Traveling Time But With An Upset Mood….
It’s been a crazy and busy day today. I was running from here to there to do tons of things, mostly doing damage control. I shall be on the road again and to tell the truth, I am in a real bad mood!
Day started with visiting my travel guy whom I have to pay back some amount for a travel. I had requested him to let me pay him in installments since there are tons of things that are on my head and since I happened to know and working with him from so long, I believed that at least this much flexible he can be while doing business with me and fortunately, he did accept my request. So today it was the first installment that I went to pay him. He asked me how did everything go, in answer of which I gave him my “signature” smile and said, “it was okay”. Not sure if I could really tell him that for whom I went, they didn’t even wait for me to get back home to punish me for doing “always just what I want”, I don’t understand a darn thing and I am just wrong in doing anything and everything that I do! May be I really am not good at all, I don’t know. But still, what I do know is that it’s very easy to give a promise than later mention that due to one reason or the other, it’s not possible to do anything about it but it’s tough, it’s really tough to overcome obstacles and do something, even if it’s really not alike picking stars from the sky! Not sure what is right and what is not, to be honest, I guess it’s better to say that it’s just me who is bad and not right.

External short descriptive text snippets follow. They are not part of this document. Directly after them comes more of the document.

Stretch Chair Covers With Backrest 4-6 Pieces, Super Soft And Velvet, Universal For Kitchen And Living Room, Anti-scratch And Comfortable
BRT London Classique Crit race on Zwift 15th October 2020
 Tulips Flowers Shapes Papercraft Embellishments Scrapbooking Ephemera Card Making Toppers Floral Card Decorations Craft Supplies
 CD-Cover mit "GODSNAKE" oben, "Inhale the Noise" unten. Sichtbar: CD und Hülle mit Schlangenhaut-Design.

After that, I got a call that there is a “serious” trouble that has happened in my last session. I have to admit that I did mess it up by doing something to me and not finishing it up. The heat of that act is coming with full force over me and almost all, whose name I can recall, are mad over me like hell! I have done efforts to sort the things out but not sure what’s really going to happen? I just hope that things get settle down properly, without making much of mess(there is already enough to make me stay awake).
I shall be back on the road from tomorrow. It’s going to be really tough sessions which are coming ahead and I am somewhat scared. Not sure from what, but I am scared. I hope I shall be able to finish everything without doing anything else wrong. There are plenty of the things which I have screwed up already and I really don’t think that I would be able to handle any more of it. Let’s see what happens?